=== Problem ===
Make an exact copy of every record that follows.
━━━━━ Records to process
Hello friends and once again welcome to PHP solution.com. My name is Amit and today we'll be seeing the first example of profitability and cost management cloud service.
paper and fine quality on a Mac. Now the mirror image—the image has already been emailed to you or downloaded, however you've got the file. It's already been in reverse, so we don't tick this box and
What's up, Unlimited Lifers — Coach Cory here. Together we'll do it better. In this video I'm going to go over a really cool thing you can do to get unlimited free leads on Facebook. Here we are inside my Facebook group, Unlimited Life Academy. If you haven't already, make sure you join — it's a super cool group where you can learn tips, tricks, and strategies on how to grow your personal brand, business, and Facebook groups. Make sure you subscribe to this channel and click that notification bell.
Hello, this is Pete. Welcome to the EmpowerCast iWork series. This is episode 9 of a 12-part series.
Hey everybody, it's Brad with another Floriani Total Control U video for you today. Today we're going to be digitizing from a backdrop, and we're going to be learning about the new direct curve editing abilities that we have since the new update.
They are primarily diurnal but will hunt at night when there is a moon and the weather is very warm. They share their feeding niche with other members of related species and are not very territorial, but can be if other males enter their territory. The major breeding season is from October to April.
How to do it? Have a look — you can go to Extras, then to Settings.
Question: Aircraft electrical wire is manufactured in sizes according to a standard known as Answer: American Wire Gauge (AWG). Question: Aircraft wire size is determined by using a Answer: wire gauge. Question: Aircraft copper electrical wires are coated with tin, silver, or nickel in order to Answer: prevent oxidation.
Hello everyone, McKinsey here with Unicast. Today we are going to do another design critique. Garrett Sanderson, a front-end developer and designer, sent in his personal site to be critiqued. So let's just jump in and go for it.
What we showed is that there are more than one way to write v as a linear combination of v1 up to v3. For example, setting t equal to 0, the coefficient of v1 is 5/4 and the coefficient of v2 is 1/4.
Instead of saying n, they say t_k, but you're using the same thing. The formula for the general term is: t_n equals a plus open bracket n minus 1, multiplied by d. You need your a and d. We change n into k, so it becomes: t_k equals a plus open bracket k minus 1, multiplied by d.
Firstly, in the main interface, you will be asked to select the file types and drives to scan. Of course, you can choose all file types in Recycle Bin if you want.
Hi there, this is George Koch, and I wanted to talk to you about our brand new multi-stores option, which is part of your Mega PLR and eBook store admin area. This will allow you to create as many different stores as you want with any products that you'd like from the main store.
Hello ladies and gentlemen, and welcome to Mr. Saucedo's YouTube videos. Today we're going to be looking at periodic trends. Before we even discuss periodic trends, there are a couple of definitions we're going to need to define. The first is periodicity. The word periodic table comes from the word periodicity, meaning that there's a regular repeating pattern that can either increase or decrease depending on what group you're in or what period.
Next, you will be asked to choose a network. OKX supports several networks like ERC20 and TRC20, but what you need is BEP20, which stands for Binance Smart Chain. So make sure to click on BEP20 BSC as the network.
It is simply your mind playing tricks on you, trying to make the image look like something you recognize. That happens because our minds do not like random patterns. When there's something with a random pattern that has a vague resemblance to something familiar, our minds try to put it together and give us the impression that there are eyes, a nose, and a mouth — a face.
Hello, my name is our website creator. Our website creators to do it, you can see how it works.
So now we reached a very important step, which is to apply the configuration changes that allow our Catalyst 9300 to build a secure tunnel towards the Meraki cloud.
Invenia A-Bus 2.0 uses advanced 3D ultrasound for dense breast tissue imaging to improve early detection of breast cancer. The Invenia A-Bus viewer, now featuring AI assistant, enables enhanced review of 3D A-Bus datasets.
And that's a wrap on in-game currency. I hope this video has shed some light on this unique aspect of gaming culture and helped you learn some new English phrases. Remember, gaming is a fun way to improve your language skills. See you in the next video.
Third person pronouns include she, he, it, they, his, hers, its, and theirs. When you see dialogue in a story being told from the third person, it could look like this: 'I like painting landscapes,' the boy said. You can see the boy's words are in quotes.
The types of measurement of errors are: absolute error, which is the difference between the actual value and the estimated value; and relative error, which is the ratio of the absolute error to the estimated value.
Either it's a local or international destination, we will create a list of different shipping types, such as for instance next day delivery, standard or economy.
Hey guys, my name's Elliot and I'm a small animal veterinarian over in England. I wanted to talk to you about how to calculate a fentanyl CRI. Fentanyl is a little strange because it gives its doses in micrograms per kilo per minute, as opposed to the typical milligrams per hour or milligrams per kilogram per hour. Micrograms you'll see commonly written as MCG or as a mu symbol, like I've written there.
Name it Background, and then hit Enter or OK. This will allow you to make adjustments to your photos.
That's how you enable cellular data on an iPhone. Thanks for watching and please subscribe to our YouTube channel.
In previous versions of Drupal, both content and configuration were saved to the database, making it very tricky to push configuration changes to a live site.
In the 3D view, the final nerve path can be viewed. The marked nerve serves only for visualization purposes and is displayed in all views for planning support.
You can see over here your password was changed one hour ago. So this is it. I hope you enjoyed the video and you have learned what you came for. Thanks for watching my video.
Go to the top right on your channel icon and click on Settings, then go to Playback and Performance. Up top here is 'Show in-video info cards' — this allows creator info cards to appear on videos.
━━━━━━━━━━
=== Finished task ===
Hello friends and once again welcome to PHP solution.com. My name is Amit and today we'll be seeing the first example of profitability and cost management cloud service.
paper and fine quality on a Mac. Now the mirror image—the image has already been emailed to you or downloaded, however you've got the file. It's already been in reverse, so we don't tick this box and
What's up, Unlimited Lifers — Coach Cory here. Together we'll do it better. In this video I'm going to go over a really cool thing you can do to get unlimited free leads on Facebook. Here we are inside my Facebook group, Unlimited Life Academy. If you haven't already, make sure you join — it's a super cool group where you can learn tips, tricks, and strategies on how to grow your personal brand, business, and Facebook groups. Make sure you subscribe to this channel and click that notification bell.
Hello, this is Pete. Welcome to the EmpowerCast iWork series. This is episode 9 of a 12-part series.
Hey everybody, it's Brad with another Floriani Total Control U video for you today. Today we're going to be digitizing from a backdrop, and we're going to be learning about the new direct curve editing abilities that we have since the new update.
They are primarily diurnal but will hunt at night when there is a moon and the weather is very warm. They share their feeding niche with other members of related species and are not very territorial, but can be if other males enter their territory. The major breeding season is from October to April.
How to do it? Have a look — you can go to Extras, then to Settings.
Question: Aircraft electrical wire is manufactured in sizes according to a standard known as Answer: American Wire Gauge (AWG). Question: Aircraft wire size is determined by using a Answer: wire gauge. Question: Aircraft copper electrical wires are coated with tin, silver, or nickel in order to Answer: prevent oxidation.
Hello everyone, McKinsey here with Unicast. Today we are going to do another design critique. Garrett Sanderson, a front-end developer and designer, sent in his personal site to be critiqued. So let's just jump in and go for it.
What we showed is that there are more than one way to write v as a linear combination of v1 up to v3. For example, setting t equal to 0, the coefficient of v1 is 5/4 and the coefficient of v2 is 1/4.
Instead of saying n, they say t_k, but you're using the same thing. The formula for the general term is: t_n equals a plus open bracket n minus 1, multiplied by d. You need your a and d. We change n into k, so it becomes: t_k equals a plus open bracket k minus 1, multiplied by d.
Firstly, in the main interface, you will be asked to select the file types and drives to scan. Of course, you can choose all file types in Recycle Bin if you want.
Hi there, this is George Koch, and I wanted to talk to you about our brand new multi-stores option, which is part of your Mega PLR and eBook store admin area. This will allow you to create as many different stores as you want with any products that you'd like from the main store.
Hello ladies and gentlemen, and welcome to Mr. Saucedo's YouTube videos. Today we're going to be looking at periodic trends. Before we even discuss periodic trends, there are a couple of definitions we're going to need to define. The first is periodicity. The word periodic table comes from the word periodicity, meaning that there's a regular repeating pattern that can either increase or decrease depending on what group you're in or what period.
Next, you will be asked to choose a network. OKX supports several networks like ERC20 and TRC20, but what you need is BEP20, which stands for Binance Smart Chain. So make sure to click on BEP20 BSC as the network.
It is simply your mind playing tricks on you, trying to make the image look like something you recognize. That happens because our minds do not like random patterns. When there's something with a random pattern that has a vague resemblance to something familiar, our minds try to put it together and give us the impression that there are eyes, a nose, and a mouth — a face.
Hello, my name is our website creator. Our website creators to do it, you can see how it works.
So now we reached a very important step, which is to apply the configuration changes that allow our Catalyst 9300 to build a secure tunnel towards the Meraki cloud.
Invenia A-Bus 2.0 uses advanced 3D ultrasound for dense breast tissue imaging to improve early detection of breast cancer. The Invenia A-Bus viewer, now featuring AI assistant, enables enhanced review of 3D A-Bus datasets.
And that's a wrap on in-game currency. I hope this video has shed some light on this unique aspect of gaming culture and helped you learn some new English phrases. Remember, gaming is a fun way to improve your language skills. See you in the next video.
Third person pronouns include she, he, it, they, his, hers, its, and theirs. When you see dialogue in a story being told from the third person, it could look like this: 'I like painting landscapes,' the boy said. You can see the boy's words are in quotes.
The types of measurement of errors are: absolute error, which is the difference between the actual value and the estimated value; and relative error, which is the ratio of the absolute error to the estimated value.
Either it's a local or international destination, we will create a list of different shipping types, such as for instance next day delivery, standard or economy.
Hey guys, my name's Elliot and I'm a small animal veterinarian over in England. I wanted to talk to you about how to calculate a fentanyl CRI. Fentanyl is a little strange because it gives its doses in micrograms per kilo per minute, as opposed to the typical milligrams per hour or milligrams per kilogram per hour. Micrograms you'll see commonly written as MCG or as a mu symbol, like I've written there.
Name it Background, and then hit Enter or OK. This will allow you to make adjustments to your photos.
That's how you enable cellular data on an iPhone. Thanks for watching and please subscribe to our YouTube channel.
In previous versions of Drupal, both content and configuration were saved to the database, making it very tricky to push configuration changes to a live site.
In the 3D view, the final nerve path can be viewed. The marked nerve serves only for visualization purposes and is displayed in all views for planning support.
You can see over here your password was changed one hour ago. So this is it. I hope you enjoyed the video and you have learned what you came for. Thanks for watching my video.
Go to the top right on your channel icon and click on Settings, then go to Playback and Performance. Up top here is 'Show in-video info cards' — this allows creator info cards to appear on videos.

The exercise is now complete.